CANBERRA.- Chandeliers made from uranium glass representing nuclear-powered nations and a nine-metre banquet table made entirely of salt feature in the first large survey show of internationally acclaimed Japanese and Australian artist collaborators Ken + Julia Yonetani at
NGA Contemporary.
Ken + Julia Yonetanis NGA installation is a provocative response to the Fukushima Daiichi nuclear power plant accident. In an installation of chandeliers reconfigured to emanate UV light, and decorated with specially sourced Uranium glass, each chandelier represents a country that operates nuclear power stations and is of a scale relative to that countrys nuclear output. It is work that is aesthetically astounding, accessible and engaging.

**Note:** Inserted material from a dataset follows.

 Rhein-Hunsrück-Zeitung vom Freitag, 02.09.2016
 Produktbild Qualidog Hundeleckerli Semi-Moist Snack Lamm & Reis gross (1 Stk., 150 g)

Uranium glass contains very small traces of Uranium within the glass, is legal and poses no health risks.
You cant see, smell or perceive radiation with your senses, but it becomes visible in our works when illuminated with ultraviolet lights, say the artists. Presented in darkness, the glass chandeliers and tubes glow with an eerie bright green light indicating the presence of radiation. We hope to prompt viewers to react in their own way to this radioactive presence.
Alongside these opulent chandeliers sits The Last Supper, a nine-metre table made of over one tonne of groundwater salt sourced from the Murray Darling Basin featuring a variety of foodstuffs in the form of an exquisite banquet. Here salt is a metaphor for the death of the land, sacrificed in the production and consumption of what has become The Last Supper, explain the artists.
Ken + Julia Yonetani have been collaborating on projects since 2009 and have exhibited nationally and internationally, including at the Venice Biennale in 2009, in the United Kingdom, Finland, and Germany in 2011-2012, at the Singapore Biennale in 2013, and in their first major solo show in Europe at the Abbey de Maubuisson, Paris 2015.